The data:
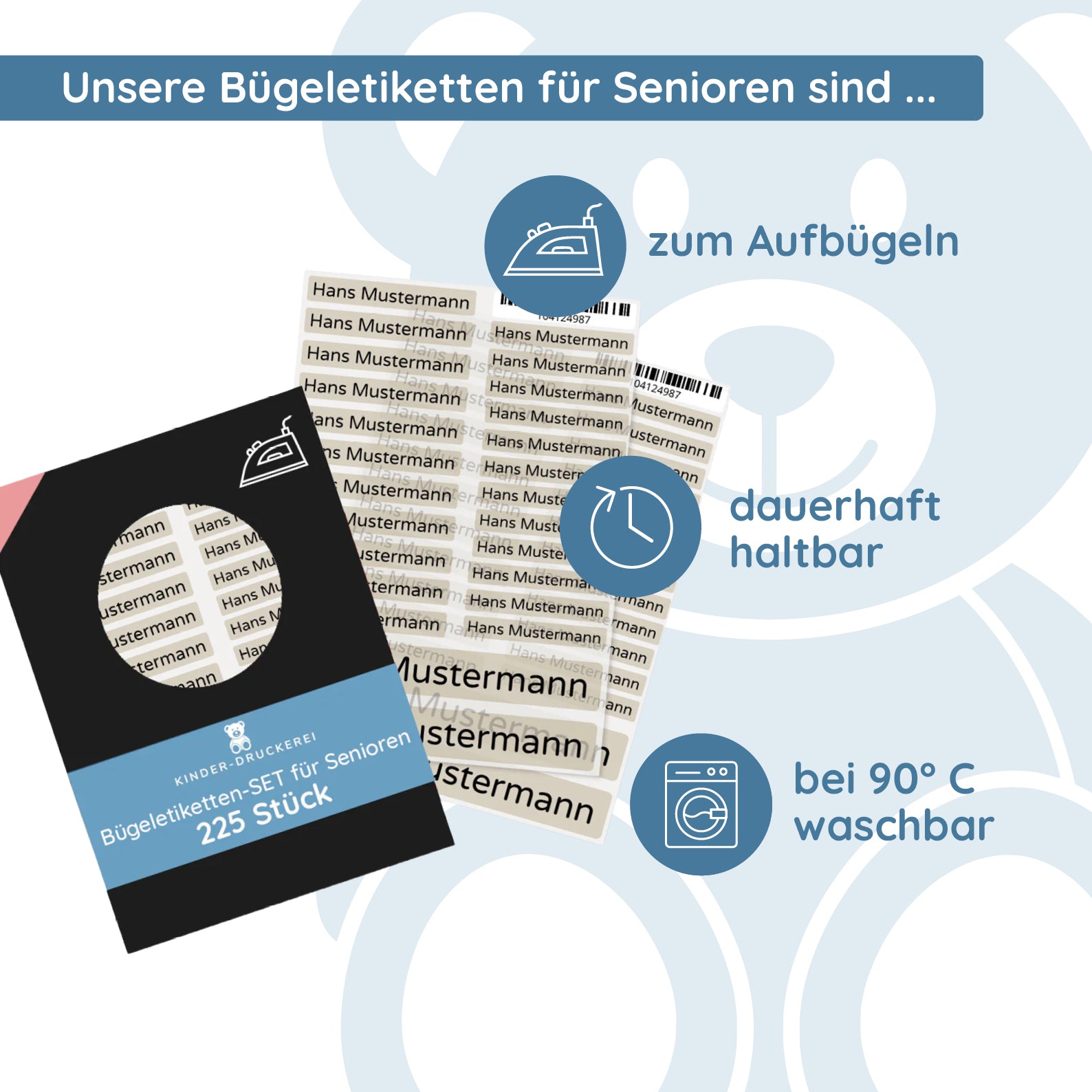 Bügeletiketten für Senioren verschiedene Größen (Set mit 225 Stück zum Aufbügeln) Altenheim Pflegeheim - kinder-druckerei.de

* * *

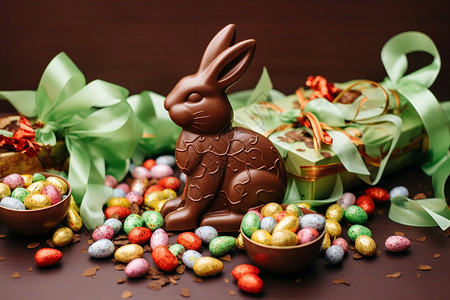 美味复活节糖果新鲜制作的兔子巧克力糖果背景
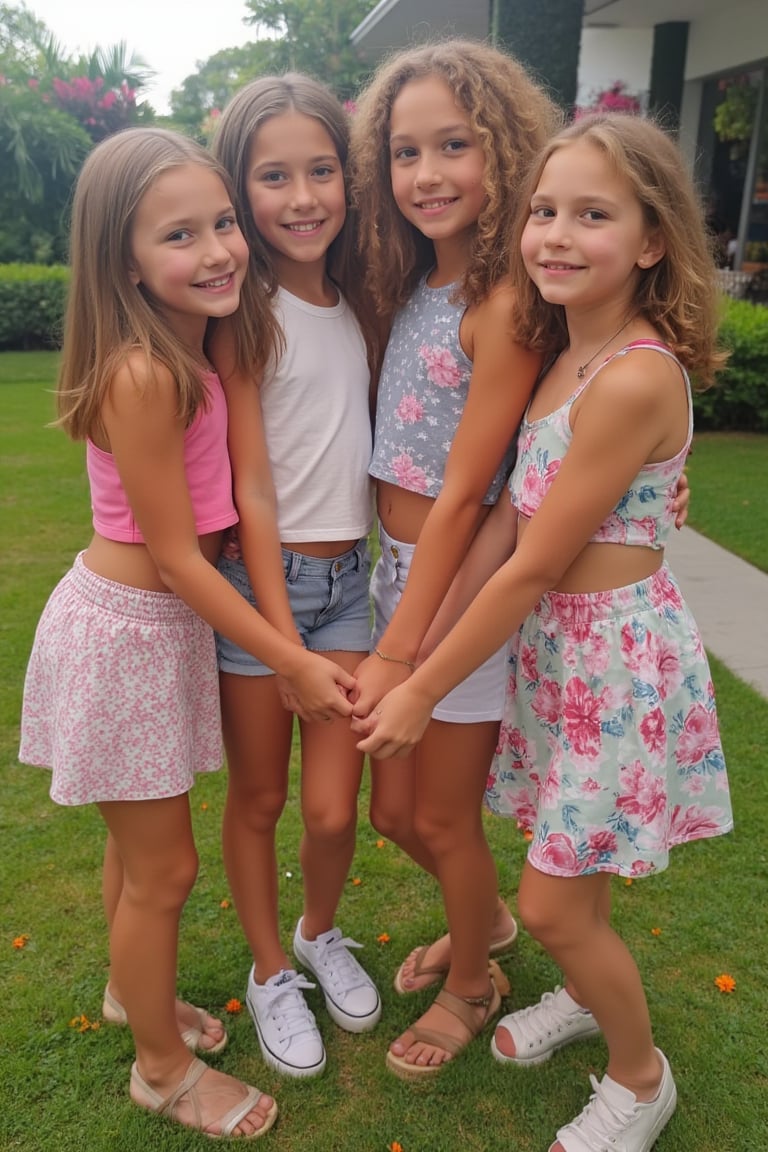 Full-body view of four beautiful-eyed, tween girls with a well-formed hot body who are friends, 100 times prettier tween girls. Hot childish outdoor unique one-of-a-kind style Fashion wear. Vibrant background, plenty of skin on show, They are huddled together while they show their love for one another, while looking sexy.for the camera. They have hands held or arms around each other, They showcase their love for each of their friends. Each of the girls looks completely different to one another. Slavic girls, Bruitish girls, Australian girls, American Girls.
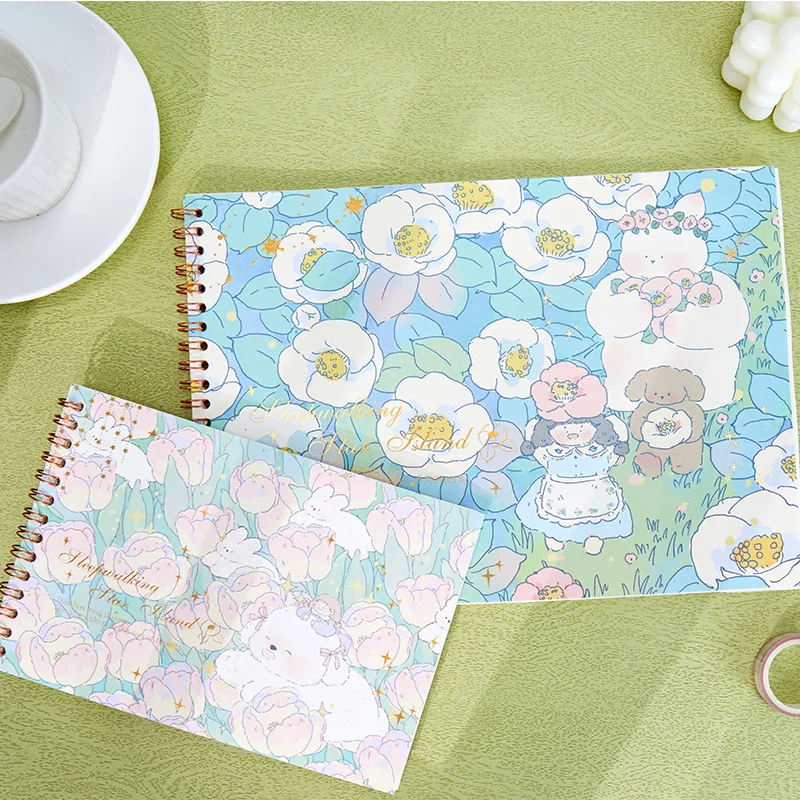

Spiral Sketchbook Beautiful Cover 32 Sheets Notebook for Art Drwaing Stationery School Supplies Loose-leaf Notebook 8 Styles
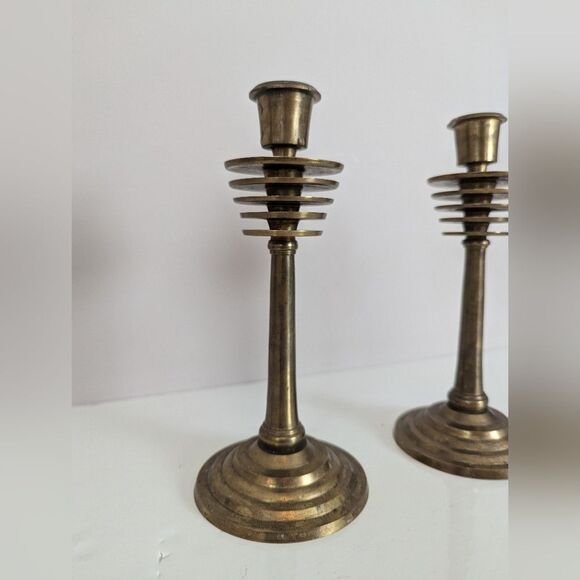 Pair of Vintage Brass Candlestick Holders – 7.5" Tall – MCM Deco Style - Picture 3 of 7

---

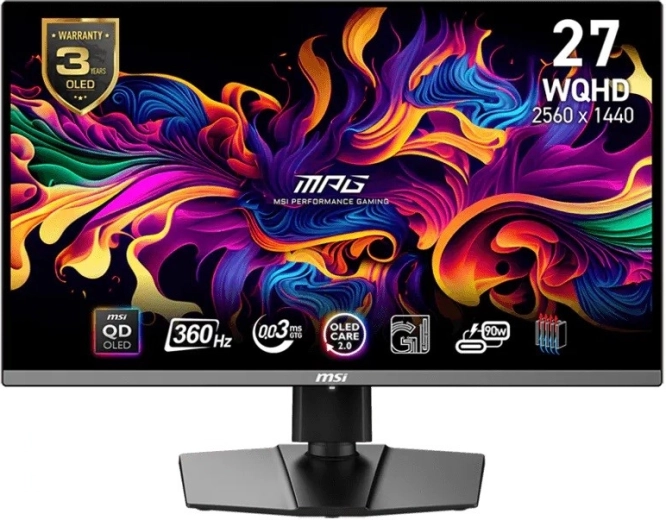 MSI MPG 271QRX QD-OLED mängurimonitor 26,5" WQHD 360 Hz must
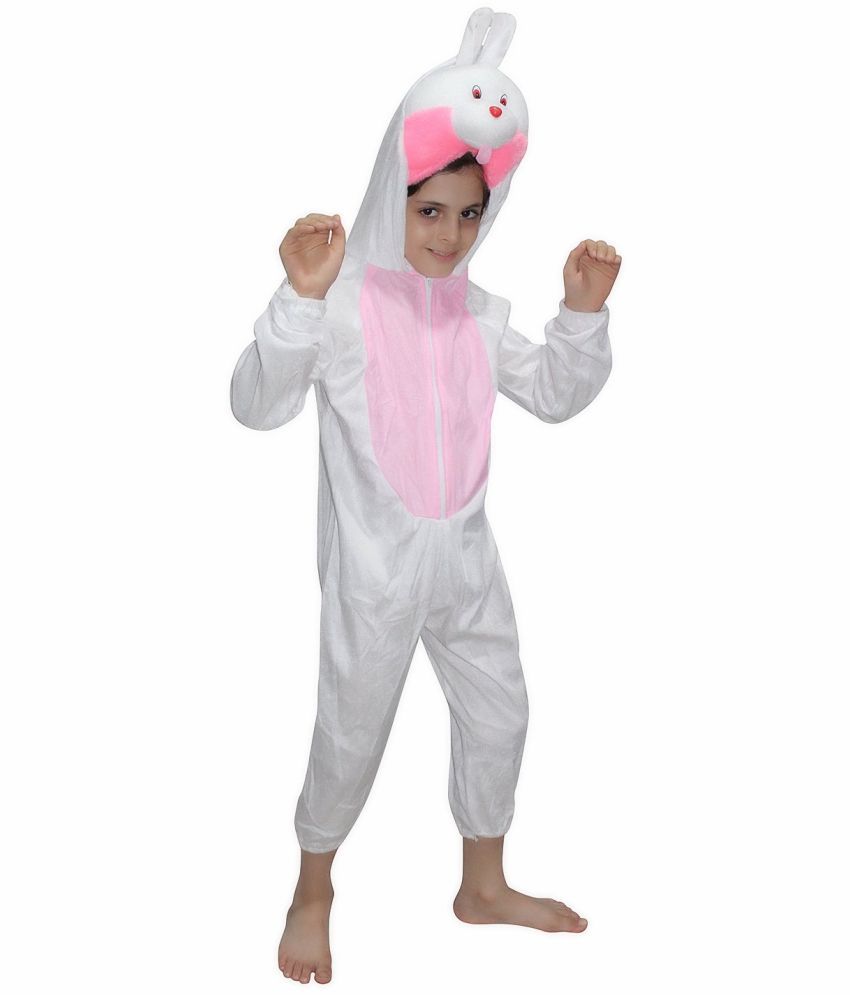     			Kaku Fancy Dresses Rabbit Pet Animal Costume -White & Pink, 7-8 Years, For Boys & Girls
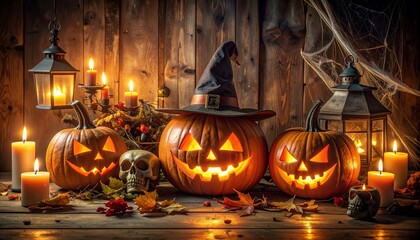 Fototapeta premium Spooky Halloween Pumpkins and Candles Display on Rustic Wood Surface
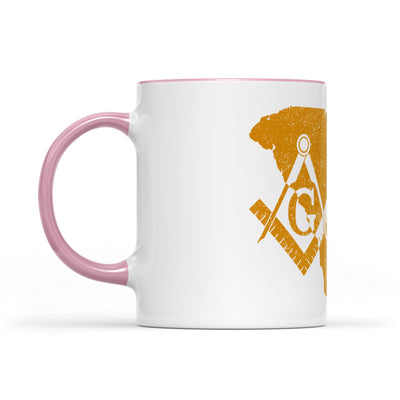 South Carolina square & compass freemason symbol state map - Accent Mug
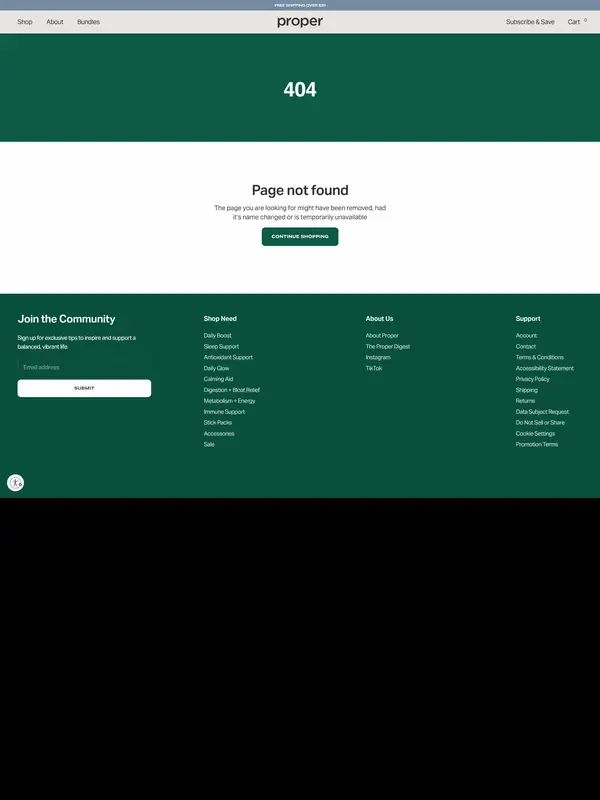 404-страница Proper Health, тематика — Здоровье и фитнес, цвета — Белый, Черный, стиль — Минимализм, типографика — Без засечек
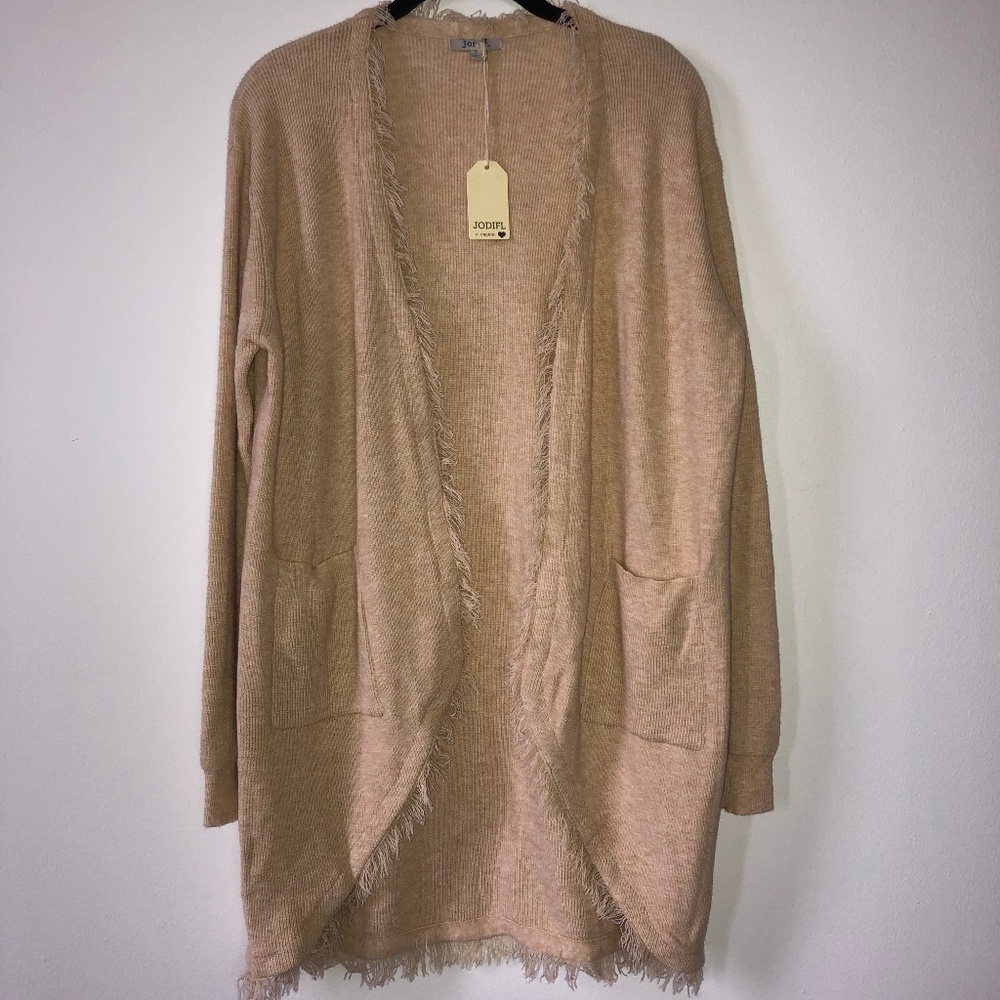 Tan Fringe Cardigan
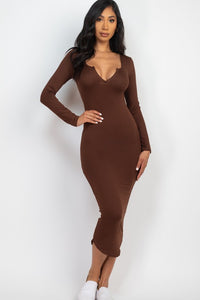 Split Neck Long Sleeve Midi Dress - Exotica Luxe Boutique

Task description:
Using the entries above, extract exactly the lines from the one that contains "MSI MPG 271QRX" through the one that contains "Split Neck Long". Do not carry over any pictures.

Solution to this problem:
 MSI MPG 271QRX QD-OLED mängurimonitor 26,5" WQHD 360 Hz must
     			Kaku Fancy Dresses Rabbit Pet Animal Costume -White & Pink, 7-8 Years, For Boys & Girls
 Fototapeta premium Spooky Halloween Pumpkins and Candles Display on Rustic Wood Surface
 South Carolina square & compass freemason symbol state map - Accent Mug
 404-страница Proper Health, тематика — Здоровье и фитнес, цвета — Белый, Черный, стиль — Минимализм, типографика — Без засечек
 Tan Fringe Cardigan
 Split Neck Long Sleeve Midi Dress - Exotica Luxe Boutique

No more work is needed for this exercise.